Exercitando sua veia cômica ao mesmo tempo em que encontra o tom dramático certo para os momentos mais emocionantes de sua personagem, Streep faz uso também de seu vasto carisma para compor uma Florence que transita sem descanso entre o naturalismo e a quase caricatura. Esse equilíbrio - que já vem no roteiro fluido de Nicholas Martin - esbarra apenas na direção um tanto pesada de Stephen Frears. Veterano com duas indicações ao Oscar no currículo - por "Os imorais" (1990) e "A rainha" (2006) - e eclético por natureza, a ponto de adaptar escritores tão díspares quanto Chorderlos de Laclos (em "Ligações perigosas", de 1988) e Nick Hornby (em "Alta fidelidade", de 2000), Frears parece não saber exatamente se prefere imprimir um tom de pastiche à trajetória da protagonista ou concentrar-se em seus dramas particulares (como a sífilis adquirida no primeiro casamento e a relação aberta com o segundo marido). Essa dubiedade - talvez proposital - acaba por dificultar uma entrega completa do público, que gargalha facilmente com o timing cômico perfeito de Streep mas estranha quando a trama escorrega, sem aviso prévio, para o dramalhão. Sorte que Frears sabe escolher seus colaboradores como ninguém, e "Florence: quem é essa mulher?" é exemplar em cada um de seus quesitos.
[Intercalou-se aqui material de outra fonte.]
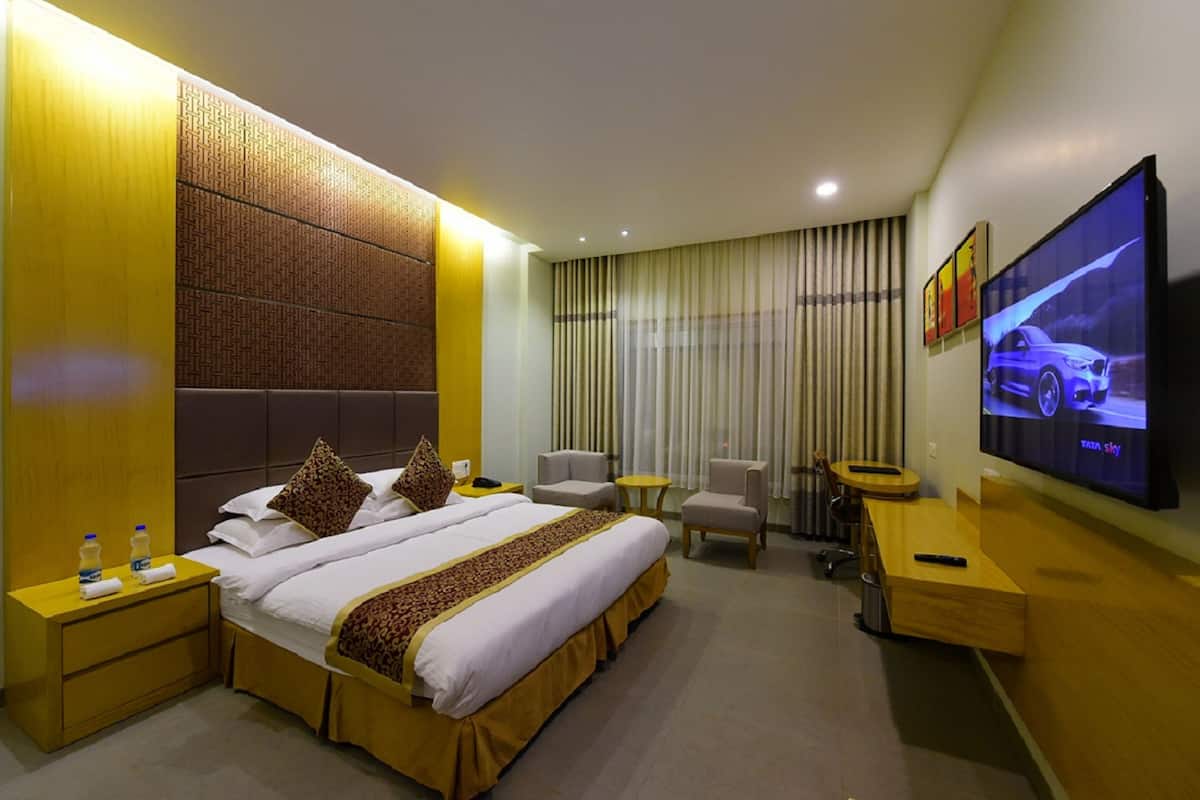 1 bedroom, in-room safe, soundproofing, free WiFi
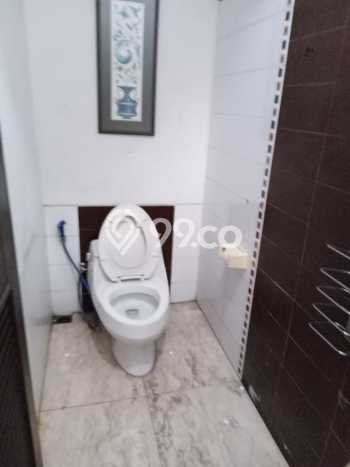 Siap Huni Rumah Mewah 5 Kamar di Kelapa Gading Dekat ke Mana Pun Siap Huni Rumah Mewah 5 Kamar di Kelapa Gading Dekat ke Mana Pun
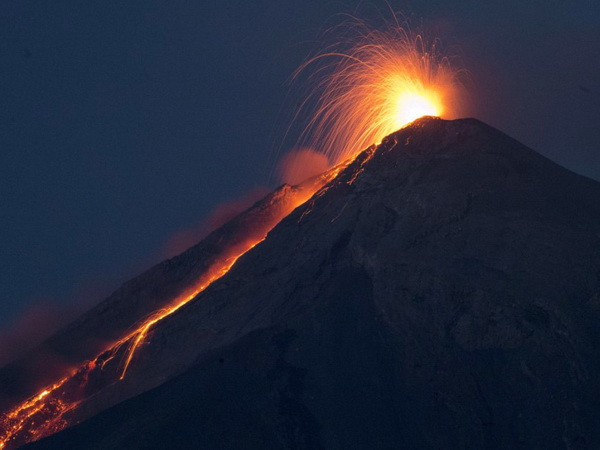 Guatemala sơ tán hàng trăm dân thường do núi lửa Fuego phun trào ảnh 1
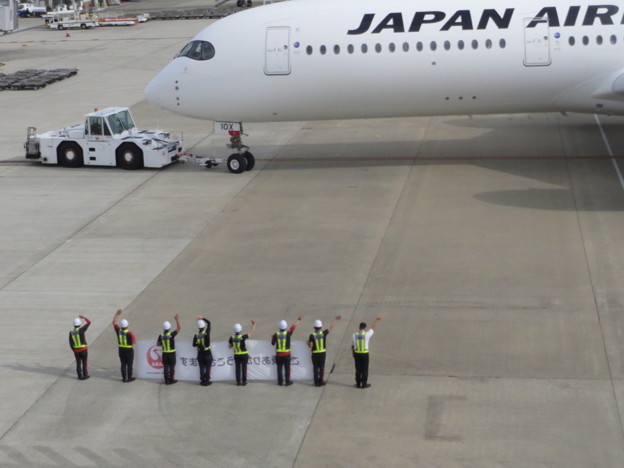写真: JAL  A350の出発　２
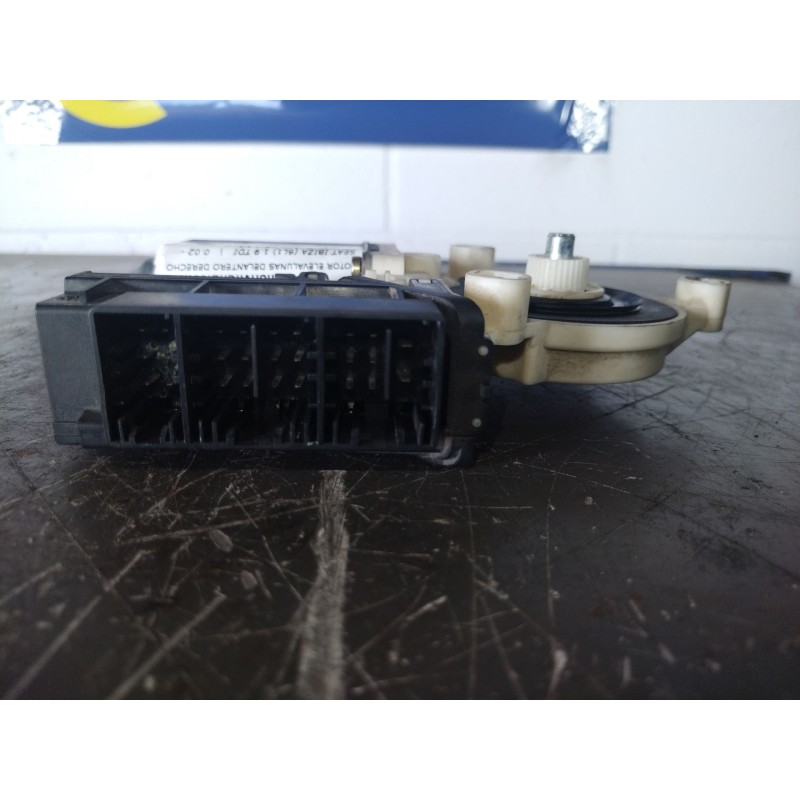 Recambio de motor elevalunas delantero derecho para seat ibiza (6l1) 1.9 tdi | 0.02 - ... 1.9 tdi | 0.02 - ... referencia OEM IA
A reconstituição de época - dos cenários sofisticados ao figurino de Consolata Boyle, copiado das extravagantes roupas da personagem-título, também indicado ao Oscar - é primorosa: a Nova York dos anos 40 é retratada com riqueza de detalhes e um requinte que poderia tranquilamente uma outra nomeação à estatueta dourada. A trilha sonora de Alexandre Desplat faz-se notar apenas quando necessário, deixando que as óperas amadas por Florence ilustrem com mais frequência sua trajetória. E a fotografia acinzentada sublinha a opressão dos anos de guerra, situando a narrativa em um período histórico bastante específico, em que nem mesmo a beleza da música e da arte eram suficientes para fazer esquecer o sangrento conflito na Europa. A atmosfera de festa da alta sociedade em que circula Florence e seus amigos contrasta com a dureza do front - que só chega até eles pelo rádio e pela presença constante de soldados (objetos de admiração e caridade por parte da socialite, que nem por isso deixava de ser alvo de seus comentários debochados). O clímax do filme - o concerto de Florence no Carnegie Hall - é representativo: estão na plateia a alta sociedade nova-iorquina, celebridades (a atriz Tallulah Bankhead, o compositor Cole Porter) e o povo (representado pelos soldados), e no palco, a diva de meia-idade sem noção de sua falta de talento e seu fiel escudeiro, o desajeitado porém competente Cosmé McMoon (Simon Helberg, da série "The Big Bang Theory", e indicado ao Golden Globe de ator coadjuvante). É um encontro e tanto, resumido na declaração da vulgar e emergente Agnes Stark (Nina Arianda): "Não riam! Ela está cantando com o coração!".

Essa grande mensagem do filme - a de que a paixão e o amor podem ser mais importantes que o talento e a afinação - é que faz de "Florence" uma obra tão simpática e calorosa (apesar de estar longe de ser um dos melhores trabalhos de seu diretor). É difícil não se deixar conquistar pela personagem principal, por sua química com o marido adúltero porém carinhoso (que marcou a volta de Hugh Grant ao cinema e lhe rendeu uma indicação ao Golden Globe) e sua relação com o novato Cosmé, a princípio abismado com o fato de ninguém falar a verdade à sua nova patroa mas logo envolvido por seu sentimento de absoluta devoção à música. A interrelação entre os três personagens centrais é o que há de melhor no filme de Stephen Frears - uma conexão impecável que o torna agradável e encantador a ponto de ter seus pecadilhos deixados de lado. Um belo e descompromissado entretenimento!